== Segment start ==
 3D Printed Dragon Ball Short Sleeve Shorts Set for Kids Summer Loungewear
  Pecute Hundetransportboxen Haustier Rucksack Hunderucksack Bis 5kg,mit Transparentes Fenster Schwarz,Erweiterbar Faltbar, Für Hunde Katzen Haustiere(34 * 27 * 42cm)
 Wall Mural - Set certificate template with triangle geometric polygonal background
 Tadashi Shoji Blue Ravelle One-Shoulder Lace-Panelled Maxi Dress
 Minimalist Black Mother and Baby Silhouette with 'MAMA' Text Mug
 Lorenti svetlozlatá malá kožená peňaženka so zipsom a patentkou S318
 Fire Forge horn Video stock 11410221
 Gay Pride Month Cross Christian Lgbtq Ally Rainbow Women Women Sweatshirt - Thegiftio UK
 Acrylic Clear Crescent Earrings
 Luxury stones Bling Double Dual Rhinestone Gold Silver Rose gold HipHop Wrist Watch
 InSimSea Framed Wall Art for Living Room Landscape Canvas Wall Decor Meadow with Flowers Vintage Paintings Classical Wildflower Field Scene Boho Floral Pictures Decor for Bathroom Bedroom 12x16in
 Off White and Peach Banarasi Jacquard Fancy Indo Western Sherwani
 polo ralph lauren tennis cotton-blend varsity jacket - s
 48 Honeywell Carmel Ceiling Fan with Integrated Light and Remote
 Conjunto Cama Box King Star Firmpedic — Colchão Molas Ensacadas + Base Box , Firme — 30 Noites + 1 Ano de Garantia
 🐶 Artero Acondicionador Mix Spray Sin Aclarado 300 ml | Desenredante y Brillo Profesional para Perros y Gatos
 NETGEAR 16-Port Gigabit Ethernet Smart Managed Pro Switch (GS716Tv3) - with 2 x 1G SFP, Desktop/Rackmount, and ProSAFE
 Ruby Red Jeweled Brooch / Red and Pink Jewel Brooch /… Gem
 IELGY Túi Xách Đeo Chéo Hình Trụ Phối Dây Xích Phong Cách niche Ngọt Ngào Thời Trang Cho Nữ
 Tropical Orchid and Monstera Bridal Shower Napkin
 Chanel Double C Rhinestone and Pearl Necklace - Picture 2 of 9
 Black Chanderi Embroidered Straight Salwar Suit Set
== Segment end ==
▸ Exercise details
Quote exactly what appears from the line containing "Conjunto Cama Box" through the final line of the listing above, including both of those lines.

▸ Solution for this problem
 Conjunto Cama Box King Star Firmpedic — Colchão Molas Ensacadas + Base Box , Firme — 30 Noites + 1 Ano de Garantia
 🐶 Artero Acondicionador Mix Spray Sin Aclarado 300 ml | Desenredante y Brillo Profesional para Perros y Gatos
 NETGEAR 16-Port Gigabit Ethernet Smart Managed Pro Switch (GS716Tv3) - with 2 x 1G SFP, Desktop/Rackmount, and ProSAFE
 Ruby Red Jeweled Brooch / Red and Pink Jewel Brooch /… Gem
 IELGY Túi Xách Đeo Chéo Hình Trụ Phối Dây Xích Phong Cách niche Ngọt Ngào Thời Trang Cho Nữ
 Tropical Orchid and Monstera Bridal Shower Napkin
 Chanel Double C Rhinestone and Pearl Necklace - Picture 2 of 9
 Black Chanderi Embroidered Straight Salwar Suit Set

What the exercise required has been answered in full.